There is a sense, of course, in which you couldn’t care less. As noted, you did your job: you made fruit which contained new seeds which, even now, are falling to the ground where at least some number of them will nestle into the cracks of the soil, over-winter and, come spring, sprout and produce the next generation of vines. Earlier in my farming I would not have predicted this, but the proliferation of volunteer plants over the years – including this one – attest to the contrary. Seeds want to grow, and yours quite likely will even without my well-intentioned ministrations.
But I suspect you harbored more esoteric ambitions – to occasion the burst of a bite, the ecstasy of flavor, the groans of satisfaction and the dribbles of delight. You, too, must ache to lie together with crisped bacon and fresh lettuce; to melt into marinara, be spiced and surprised into salsa, or simply to drip your way off the edges of a burger.
And I let you down. I left you hanging. And there you languished, softened, drooped and finally dripped into a rotting puddle at the base of the wire support.

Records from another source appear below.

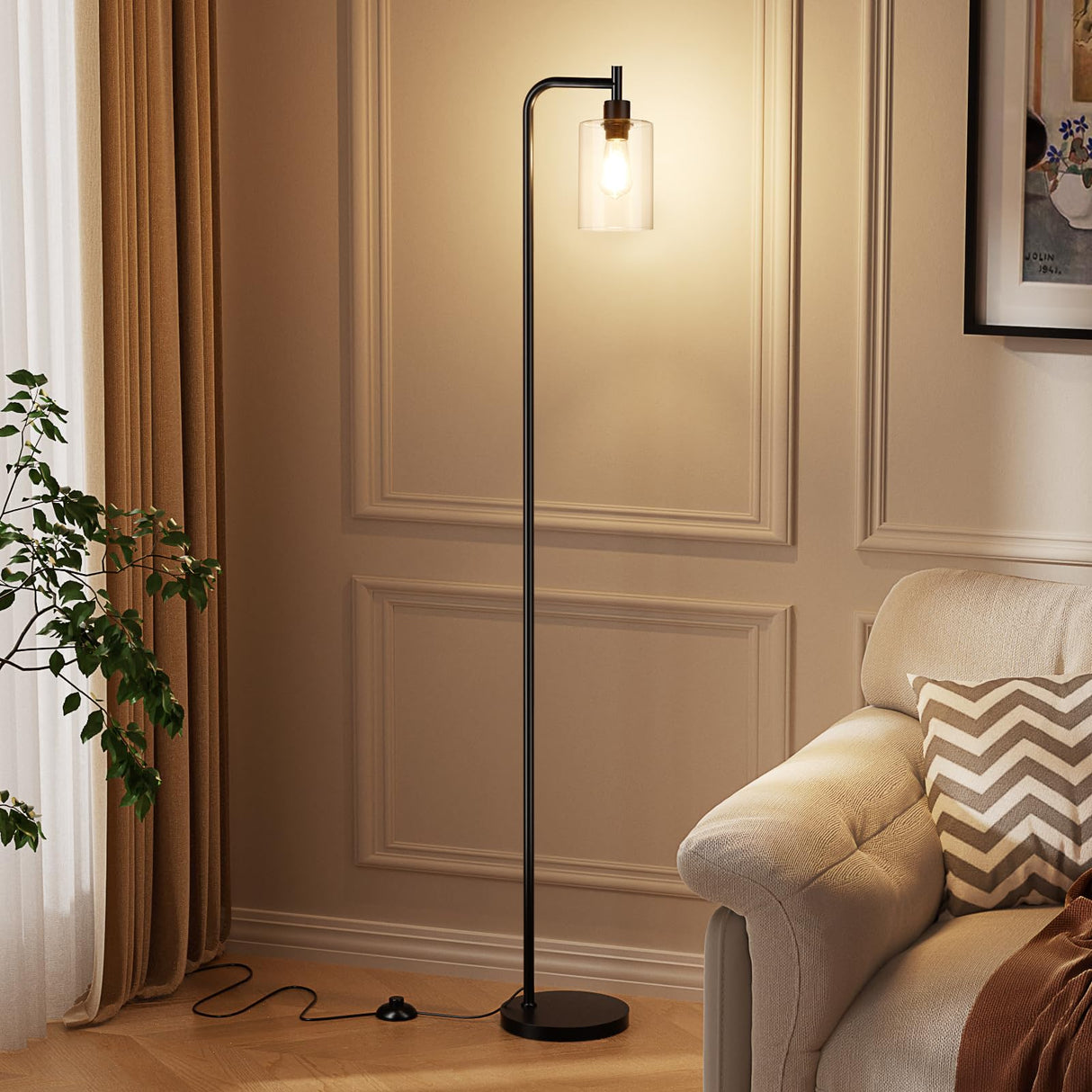 Ziisee Industrial Floor Lamp with Glass Shade - Black, LED Bulbs, Foot Pedal Switch, Easy Assembly Ziisee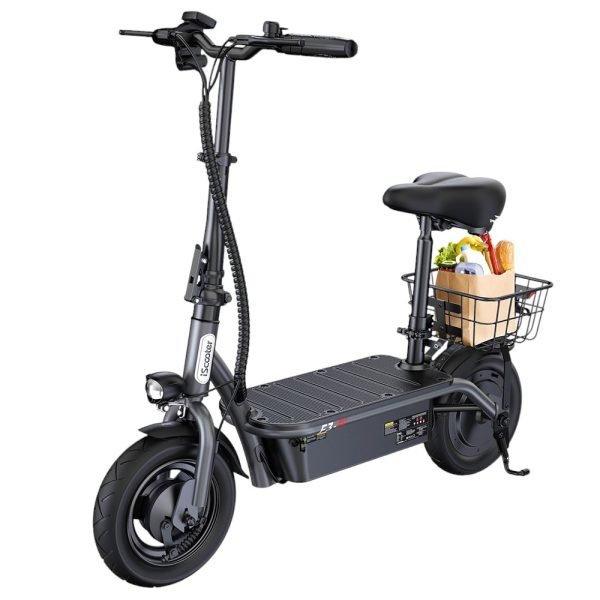 iScooter F3 Electric Scooter with Seat & Rear Basket - Image 3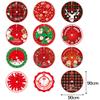 Christmas Tree Skirt, Rustic Christmas Tree Mat, Xmas Tree Skirt Mat with Santa Claus Snowflake Pattern for Indoor Outdoor Merry Christmas Holiday Party Decor view 3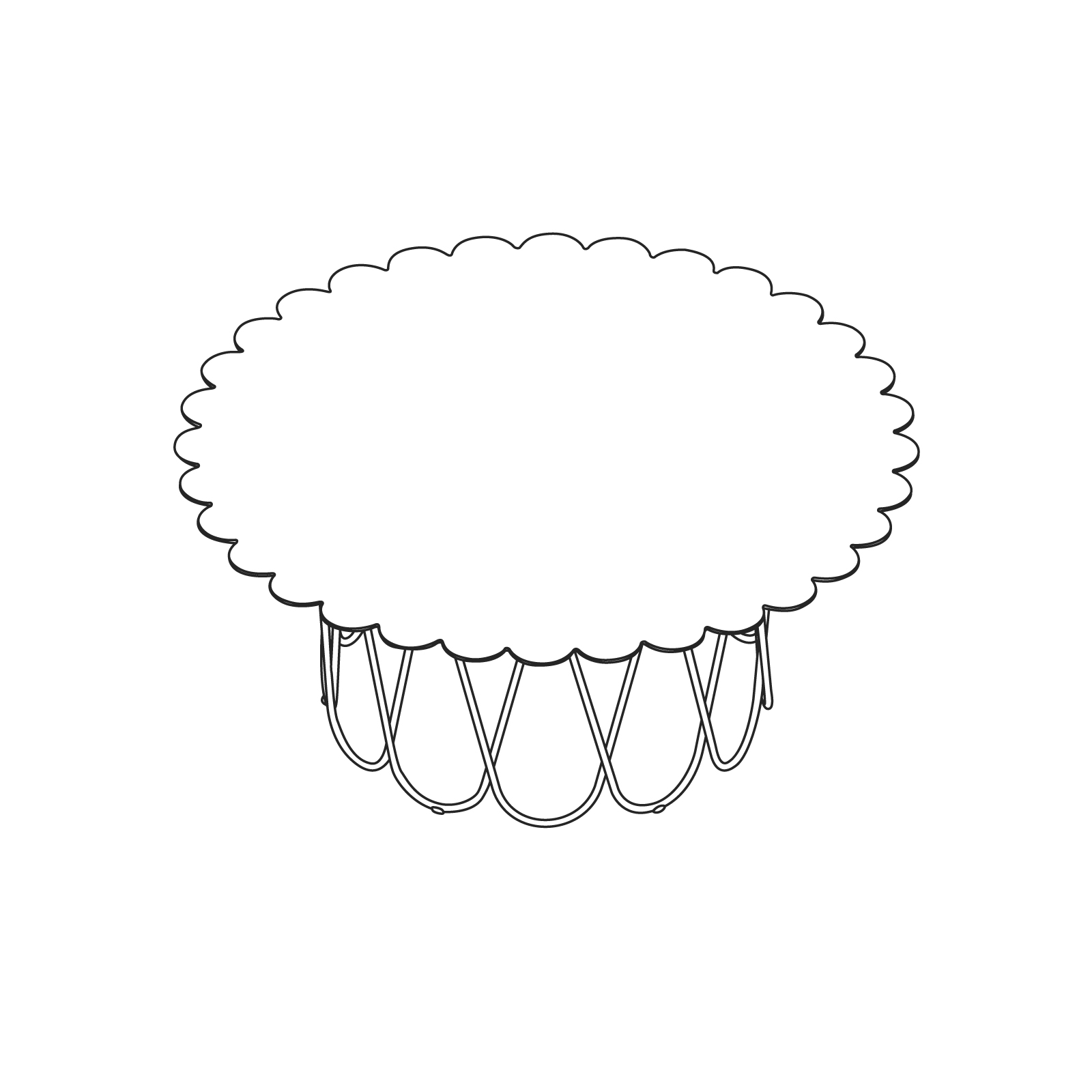 A line drawing - Girard Flower Table–Large A line drawing - Girard Flower Table–Large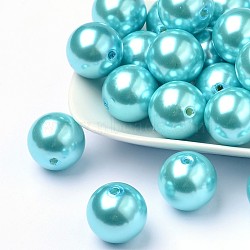 ABS Plastic Imitation Pearl Round Beads, Cyan, 20mm, Hole: 2.5mm, about 120pcs/500g(SACR-S074-20mm-A33)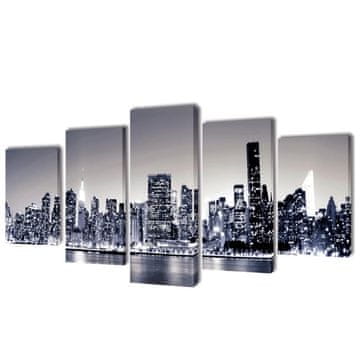 Vidaxl Zidne Slike na Platnu Monokromatski Set s Printom New York 200 x 100 cm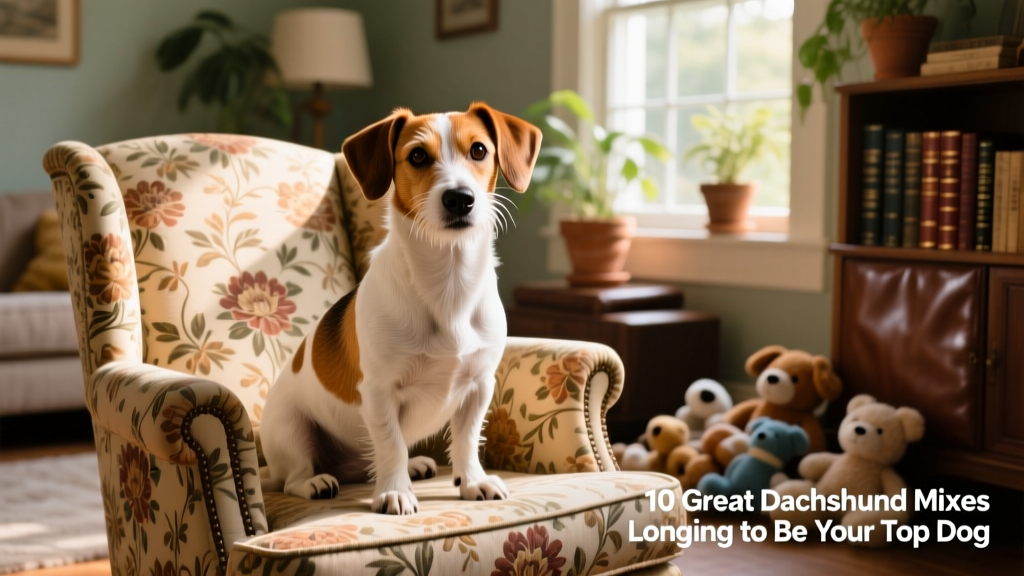 jackshund jack russell terrier dachsund mix sitting on a patterned chair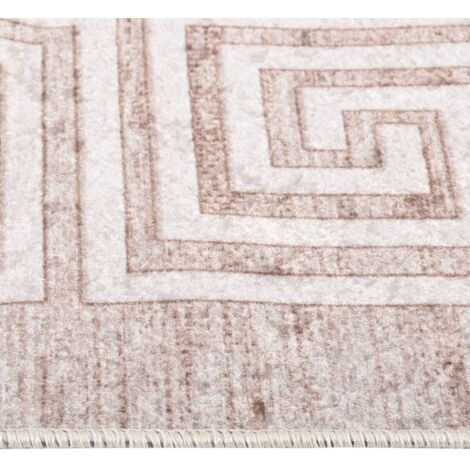 Teppich，Wohnzimmer Teppiche，Fußmatte Waschbar 80x300 cm Beige Rutschfest VESS168070 MaisonChic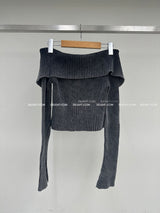 Gradient Off-Shoulder Zip-Up Knitwear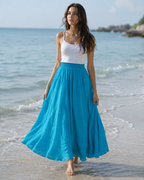 Jupe Longue Évasée Femme - Taille Élastiquée Fluide Bohème Chic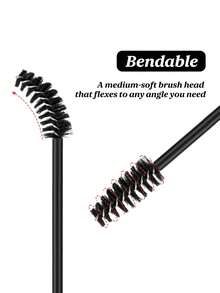 200pcs Disposable Mascara Wands, Spoolie Eyelash Brush, Eyebrow Brush & Brow Comb With Storage Case, Lash Extension & Eyebrow Grooming Makeup Applicators - Multicolor - View 3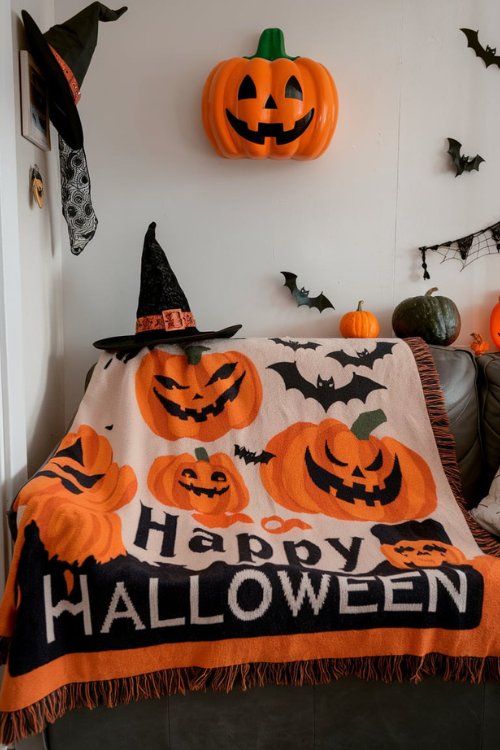 Halloween Themed Throw Blanket Creative Halloween Decorations Indoor for Your Tiny House Living Room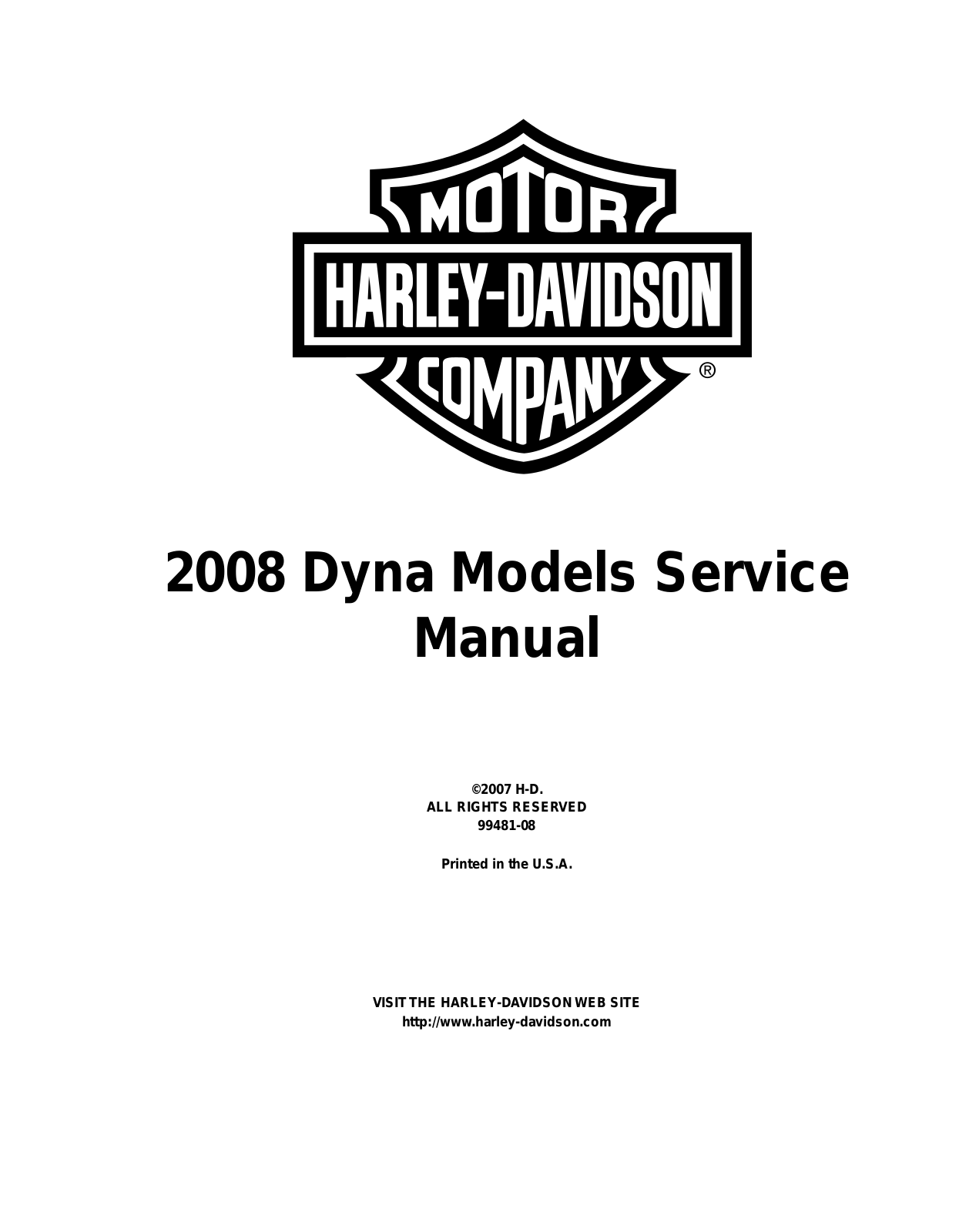 Harley Davidson dyna 2008 Service Manual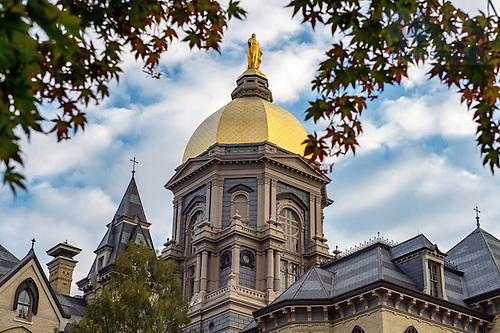 BJ 10.4.16 Golden Dome 10202.JPG by Barbara Johnston/University of Notre Dame October 4, 2016; The Golden Dome atop the Main Building at sunrise. (Photo by Barbara Johnston/University of Notre Dame)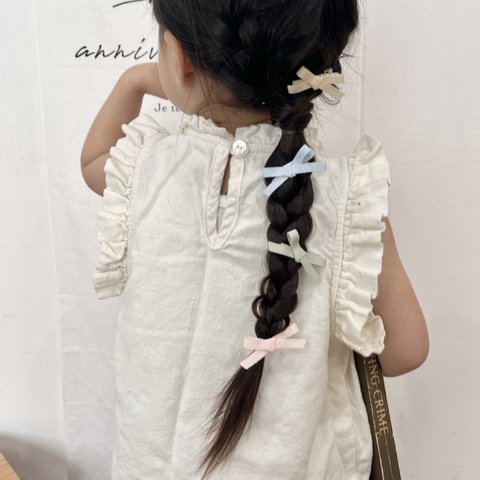 petit hair clip プチヘアクリップ　SS colors パステルカラー　リボンヘアクリップ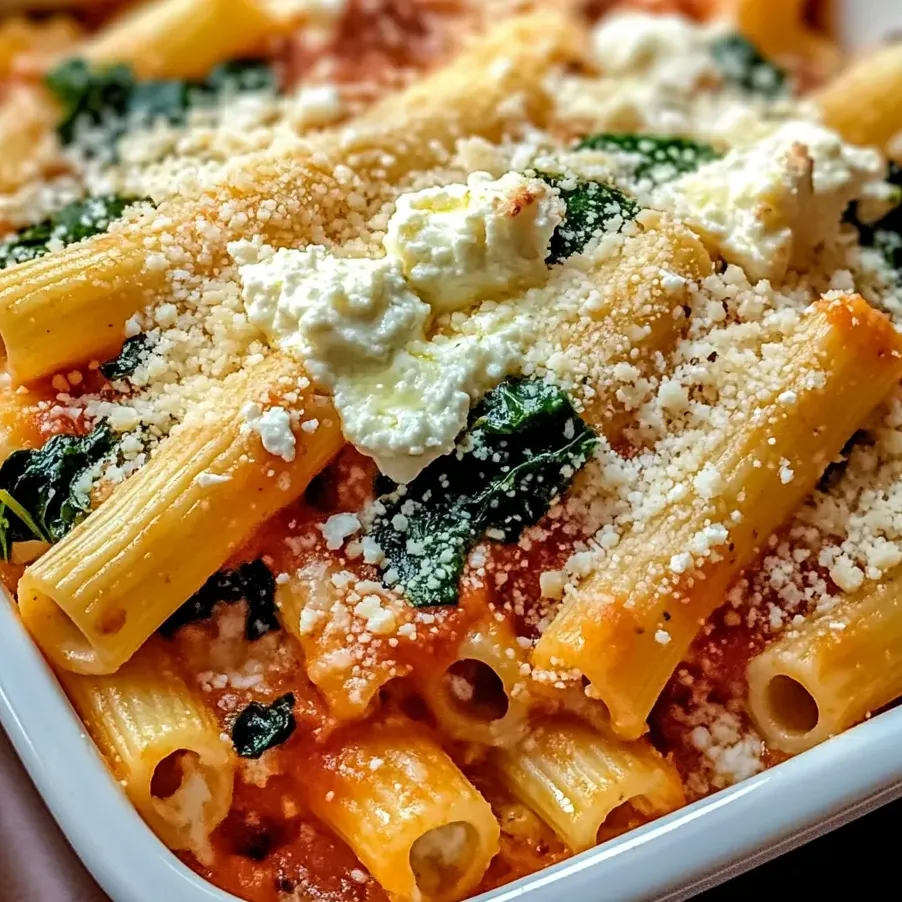 Un plato de pasta con queso y espinaca.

I’m sorry. You sprouted and matured for more than this, for better than I’ve given you. You offered yourself in generously delicious glory, but my attentions were elsewhere. I neglect and miss so many gifts this way. And I am the poorer. I give honor to the work you have done – the striving, the ripening, the offering. You are an exemplar for these days.
Chastened and inspired, I move toward autumn and the stillness of winter, before the stirrings of spring gives us fresh opportunity to honor and please one another.